Transcending Negative Emotions to Create Positive Cultures

Creating a positive culture begins with how we interact with one another.  In organizations there are many moments of frustration.  These lead to self-interested thoughts, fault-finding, blame, and abusive acts.  Such acts become patterned and expected.  The culture turns negative.  It becomes difficult to engage in positive conversations and create patterns of collaborative contribution.  One path to positive organizing is training people to recognize their negative, internal responses and choose to alter them.   A friend has been working on this skill and he shared a simple but powerful example.

A fast-moving work assignment came into my team’s queue, and I assumed my colleague would pick it up.  A couple hours passed, and I noticed she came online and started working, but she didn’t grab the assignment.  The deadline was getting nearer and nearer so I called her.  She didn’t pick up.  I called the other number I had for her.  No answer. 

I started to write an email to her, but I realized I was feeling very anxious, and a while back I made a commitment to myself to be careful not to send emails when I feel emotionally upset.  Re-reading my draft, I could see I made a lot of assumptions.  I erased what I wrote and instead just said what I knew and expressed concern for her: I haven’t heard from you and this assignment needs to be done so I’m going to do it.  Please contact me as soon as possible so I know you’re okay.

Then I took a couple of deep breaths and moved as quickly as I could to do the necessary.  I learned about the issue I had to write about from articles online and wrote a draft response and sent it to our resident experts for their edits. 

About 30 minutes later, my colleague wrote back and explained what happened: when she first signed on, she had an important phone meeting and didn’t see the assignment.  She was grateful for my help and said she would take it over from there and complete the task.

As I reflect on that experience, I see a couple things I want to remember and repeat in the future.  Noticing my emotional state and recognizing the negative influence it was having on my message, I stopped myself and re-wrote the message. 

Reflection

  • When is the last time you reacted to an event at work with self-interested thoughts, fault-finding, blame, and abusive responses?
  • When is the last time someone responded to you in this way?
  • What do these response do to the collective capacity to collaboratively contribute?
  • How could we use this passage to create a more positive organization?

2 comments on “Transcending Negative Emotions to Create Positive Cultures

  1. Bob, this has also been a concern for me and I also have trained myself to take a breath and not write from emotion.

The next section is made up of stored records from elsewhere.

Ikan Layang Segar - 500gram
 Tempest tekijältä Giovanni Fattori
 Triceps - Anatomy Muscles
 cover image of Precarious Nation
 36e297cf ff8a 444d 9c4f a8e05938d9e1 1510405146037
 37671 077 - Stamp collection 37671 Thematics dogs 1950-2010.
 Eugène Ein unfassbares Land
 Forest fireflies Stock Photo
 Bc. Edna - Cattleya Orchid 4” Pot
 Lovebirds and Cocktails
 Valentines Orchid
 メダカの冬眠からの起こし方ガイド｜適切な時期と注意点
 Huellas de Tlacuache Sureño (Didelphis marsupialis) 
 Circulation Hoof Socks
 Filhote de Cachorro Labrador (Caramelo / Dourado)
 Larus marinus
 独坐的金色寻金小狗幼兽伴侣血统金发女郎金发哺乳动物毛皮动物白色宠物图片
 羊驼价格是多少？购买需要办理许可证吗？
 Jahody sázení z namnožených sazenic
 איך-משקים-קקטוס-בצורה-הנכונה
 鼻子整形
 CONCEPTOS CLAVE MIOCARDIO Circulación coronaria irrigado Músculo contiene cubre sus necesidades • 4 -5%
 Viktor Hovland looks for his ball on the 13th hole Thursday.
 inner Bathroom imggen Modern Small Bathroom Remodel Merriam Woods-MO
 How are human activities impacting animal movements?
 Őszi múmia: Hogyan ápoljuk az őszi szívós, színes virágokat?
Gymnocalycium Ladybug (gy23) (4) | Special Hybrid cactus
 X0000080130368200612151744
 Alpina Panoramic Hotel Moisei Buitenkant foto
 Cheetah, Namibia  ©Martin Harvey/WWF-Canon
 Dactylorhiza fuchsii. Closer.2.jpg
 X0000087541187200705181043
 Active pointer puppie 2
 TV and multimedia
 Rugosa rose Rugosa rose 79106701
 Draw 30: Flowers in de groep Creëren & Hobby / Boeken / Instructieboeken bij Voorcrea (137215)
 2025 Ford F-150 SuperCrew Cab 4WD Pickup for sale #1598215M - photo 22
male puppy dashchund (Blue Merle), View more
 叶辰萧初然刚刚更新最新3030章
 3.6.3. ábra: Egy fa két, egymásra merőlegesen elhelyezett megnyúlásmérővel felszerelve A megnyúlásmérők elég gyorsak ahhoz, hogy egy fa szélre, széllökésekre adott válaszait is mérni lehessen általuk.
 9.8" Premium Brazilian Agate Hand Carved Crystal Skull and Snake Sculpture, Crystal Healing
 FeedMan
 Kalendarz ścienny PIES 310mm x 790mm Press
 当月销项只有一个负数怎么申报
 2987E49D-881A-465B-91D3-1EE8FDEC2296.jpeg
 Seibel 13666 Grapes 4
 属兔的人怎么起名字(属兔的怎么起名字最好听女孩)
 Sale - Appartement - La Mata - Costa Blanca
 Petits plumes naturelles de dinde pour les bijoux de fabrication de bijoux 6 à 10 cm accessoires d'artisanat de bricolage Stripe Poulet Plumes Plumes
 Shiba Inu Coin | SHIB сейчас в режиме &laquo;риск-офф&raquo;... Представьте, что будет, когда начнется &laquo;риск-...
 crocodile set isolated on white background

Instead I inquire why the job has not been approved or why a person is not responding. At this time of COVID and working from home, the assumption can be that the person is logging on but not really doing their job. The reality could be that the kids may be interrupting, a spouse may be talking to them (which can be annoying when they know you are working-another thing to respond after processing the emotion), or could be on a conference call. I try hard to reread any correspondence before sending it and try hard to add a little ‘sweetness’ so the person I am trying to communicate with does not feel like I am blaming, fault-finding, or annoyed with them. I just really need an answer. Thanks for reminding us to be more compassionate during this time.